* Dataset extract *

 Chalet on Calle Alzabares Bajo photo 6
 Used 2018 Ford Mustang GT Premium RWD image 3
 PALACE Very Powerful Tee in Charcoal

* * *

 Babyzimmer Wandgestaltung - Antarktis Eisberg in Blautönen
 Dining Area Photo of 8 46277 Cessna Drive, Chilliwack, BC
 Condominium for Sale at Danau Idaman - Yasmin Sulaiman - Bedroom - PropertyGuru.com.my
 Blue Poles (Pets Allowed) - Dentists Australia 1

...

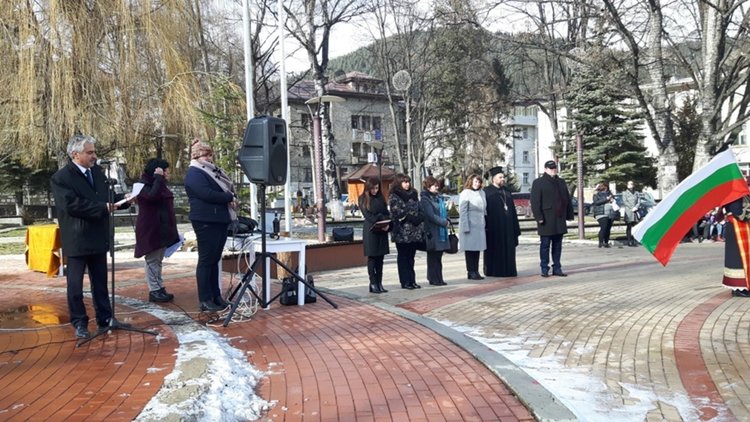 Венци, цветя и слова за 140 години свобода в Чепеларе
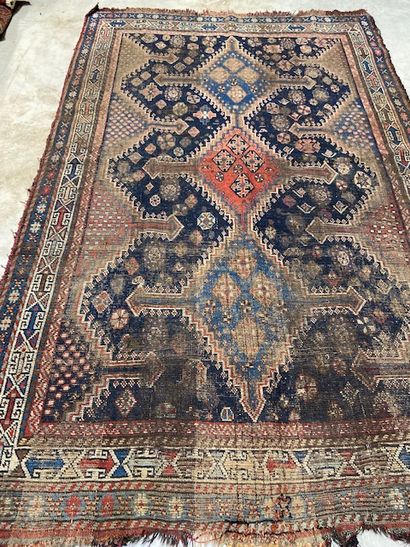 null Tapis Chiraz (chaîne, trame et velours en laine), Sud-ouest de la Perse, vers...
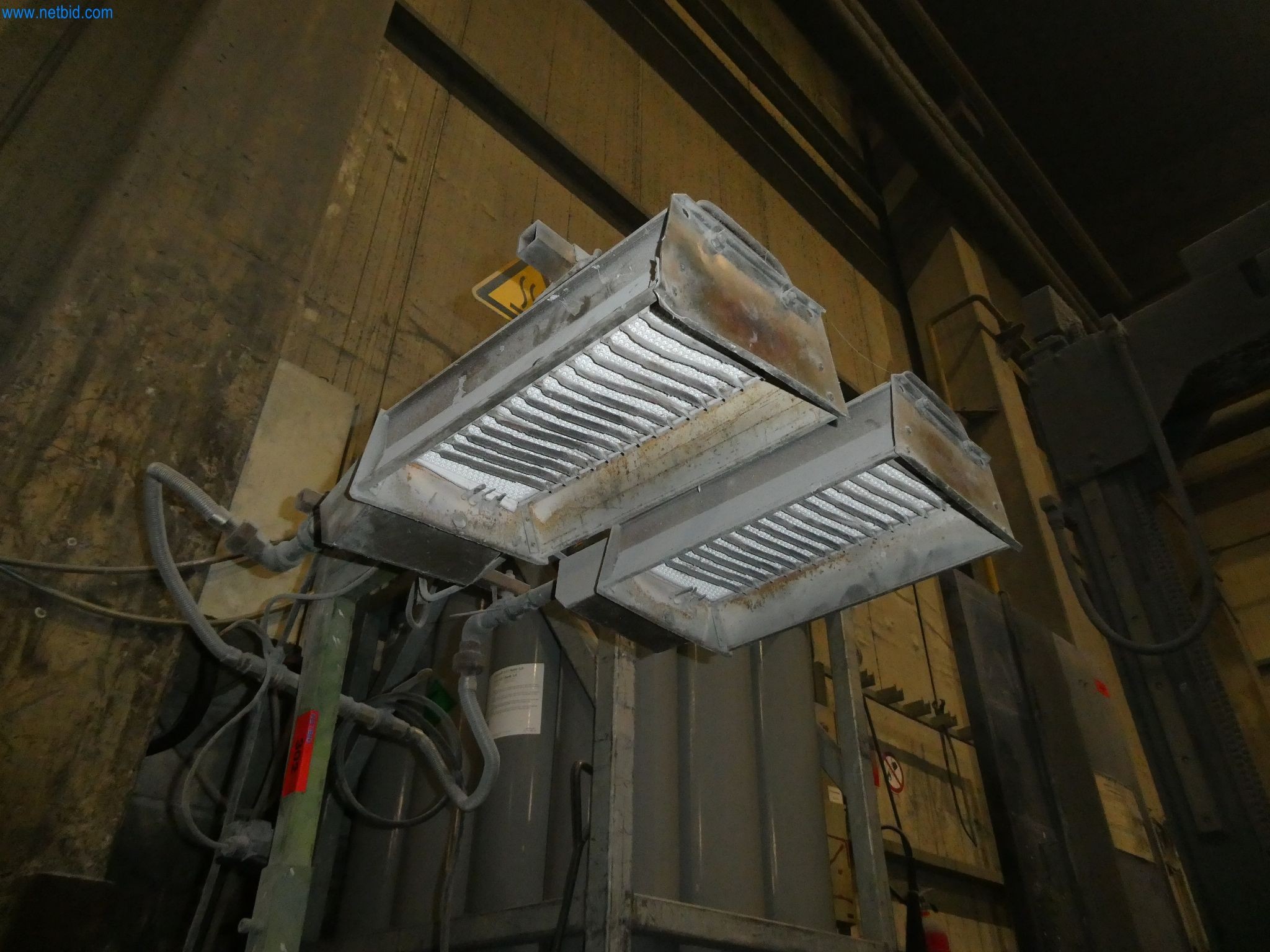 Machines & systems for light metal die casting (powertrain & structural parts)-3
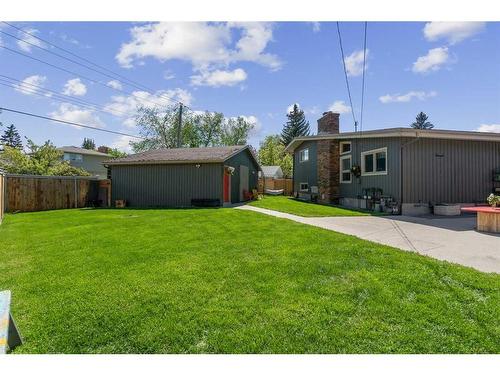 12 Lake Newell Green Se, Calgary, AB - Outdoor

* How to complete this task *
Only one stretch of the records above is wanted: the lines between the one holding "Chalet on Calle Alzabares Bajo photo 6" and the one holding "PALACE Very Powerful Tee in Charcoal", inclusive, reproduced exactly.

* Task result *
 Chalet on Calle Alzabares Bajo photo 6
 Used 2018 Ford Mustang GT Premium RWD image 3
 PALACE Very Powerful Tee in Charcoal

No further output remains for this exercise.